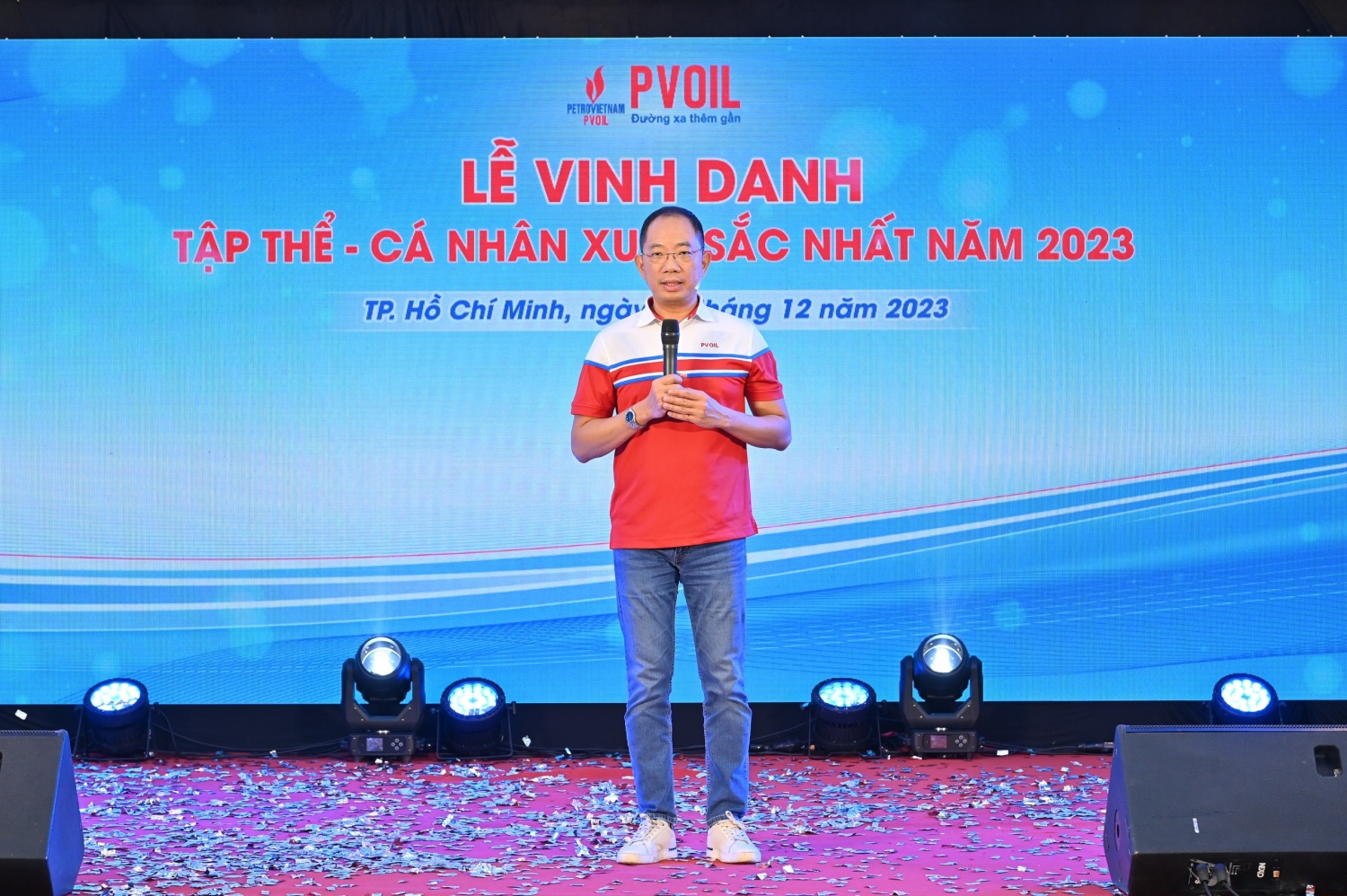 Ông Cao Hoài Dương - Bí thư Đảng ủy, Chủ tịch HĐQT PVOIL phát biểu chúc mừng các tập thể, cá nhân xuất sắc nhất năm 2023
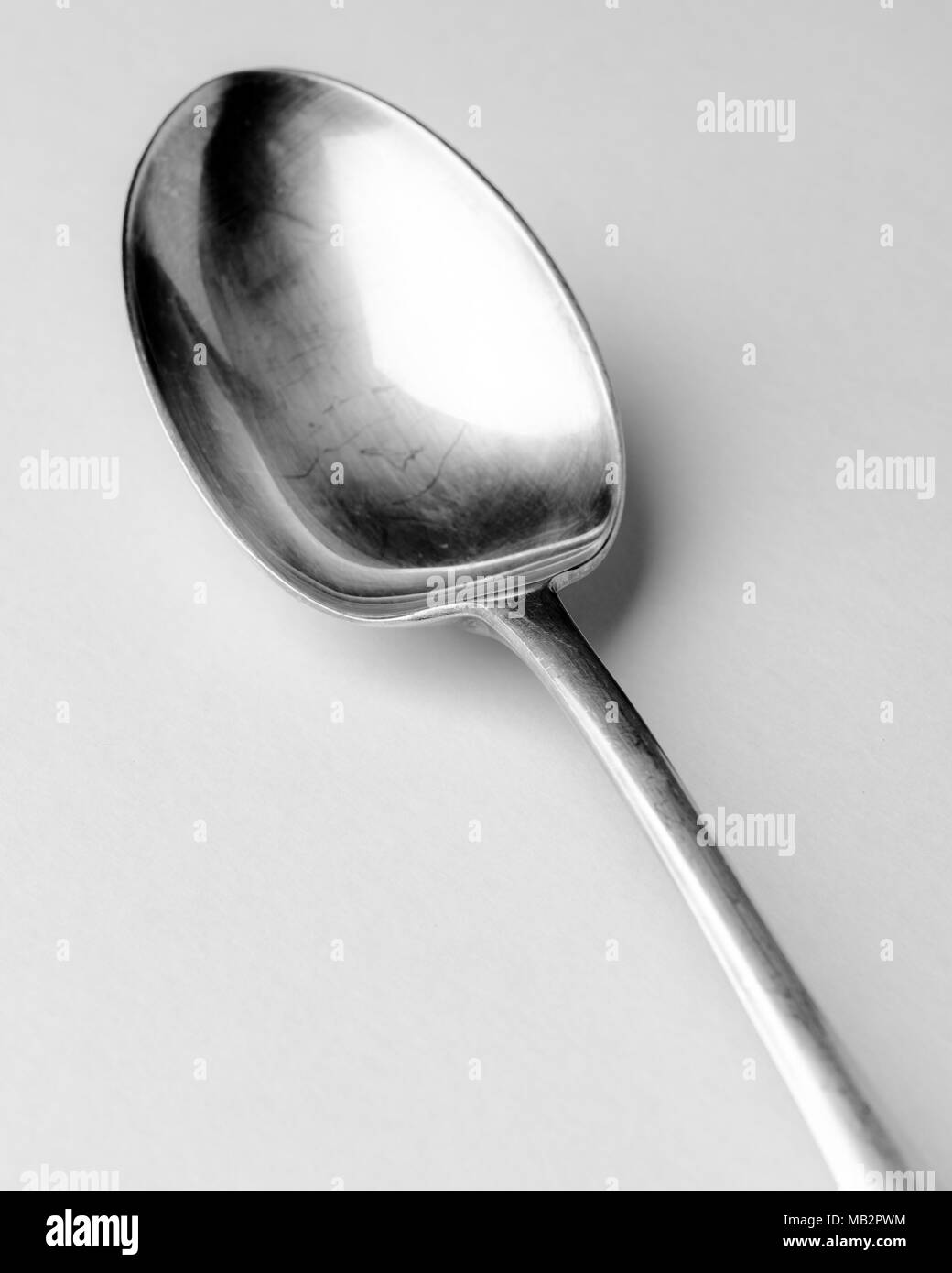 Cuchara de servir de plata vintage utensilio de cocina sobre fondo blanco utensilios usados en la cocina Foto de stock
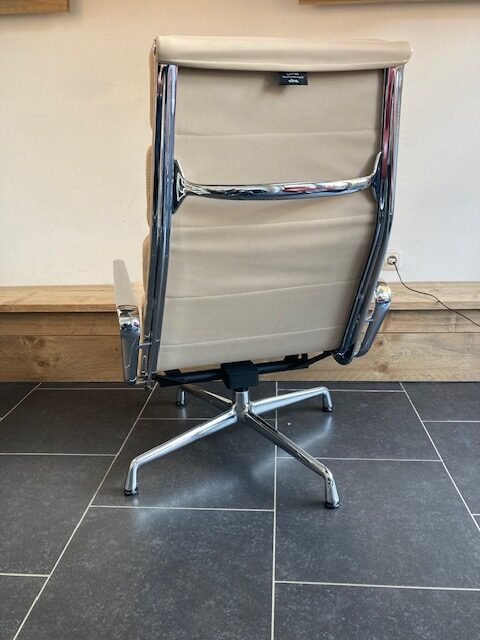 Vitra Eames EA 222 fauteuil, chroom , volleder, december 2024 - Afbeelding 4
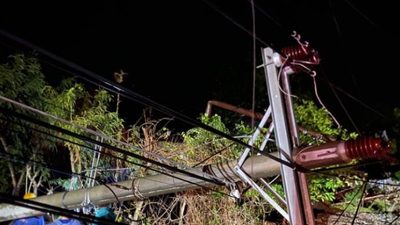 Bertaruh Nyawa Demi Terangnya Negeri: Di Tengah Hujan dan Gelap, Petugas PLN Berjuang agar Masyarakat Kembali Menikmati Listrik 3 TUTURPEDIA - Bertaruh Nyawa Demi Terangnya Negeri: Di Tengah Hujan dan Gelap, Petugas PLN Berjuang agar Masyarakat Kembali Menikmati Listrik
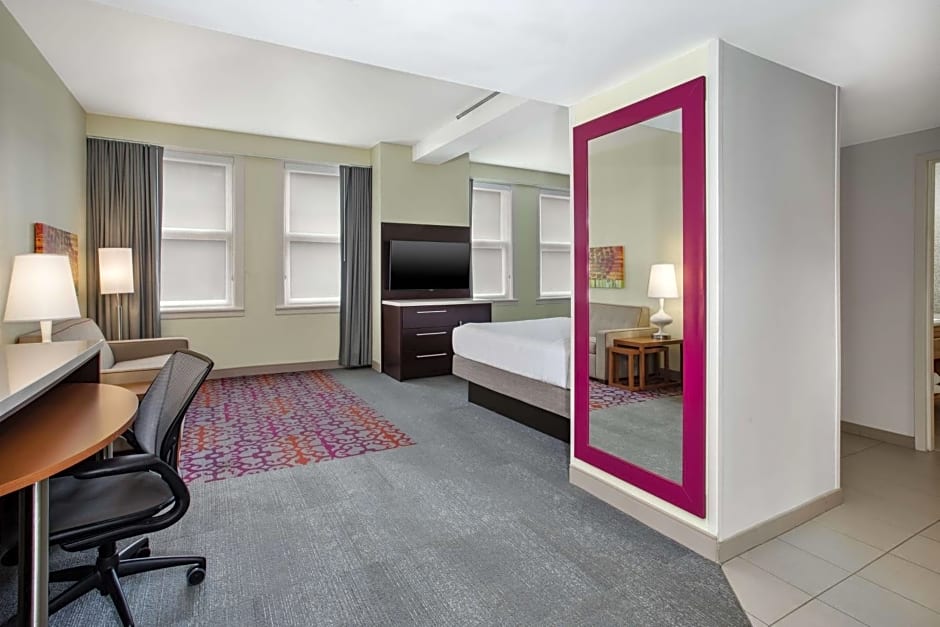 Home2 Suites by Hilton San Antonio Downtown - Riverwalk, TX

| Task instructions |
Leaving images out, please output every line of the data exactly.

| Result for this task |
 Ông Cao Hoài Dương - Bí thư Đảng ủy, Chủ tịch HĐQT PVOIL phát biểu chúc mừng các tập thể, cá nhân xuất sắc nhất năm 2023
 Cuchara de servir de plata vintage utensilio de cocina sobre fondo blanco utensilios usados en la cocina Foto de stock
 Vitra Eames EA 222 fauteuil, chroom , volleder, december 2024 - Afbeelding 4
 Bertaruh Nyawa Demi Terangnya Negeri: Di Tengah Hujan dan Gelap, Petugas PLN Berjuang agar Masyarakat Kembali Menikmati Listrik 3 TUTURPEDIA - Bertaruh Nyawa Demi Terangnya Negeri: Di Tengah Hujan dan Gelap, Petugas PLN Berjuang agar Masyarakat Kembali Menikmati Listrik
 Home2 Suites by Hilton San Antonio Downtown - Riverwalk, TX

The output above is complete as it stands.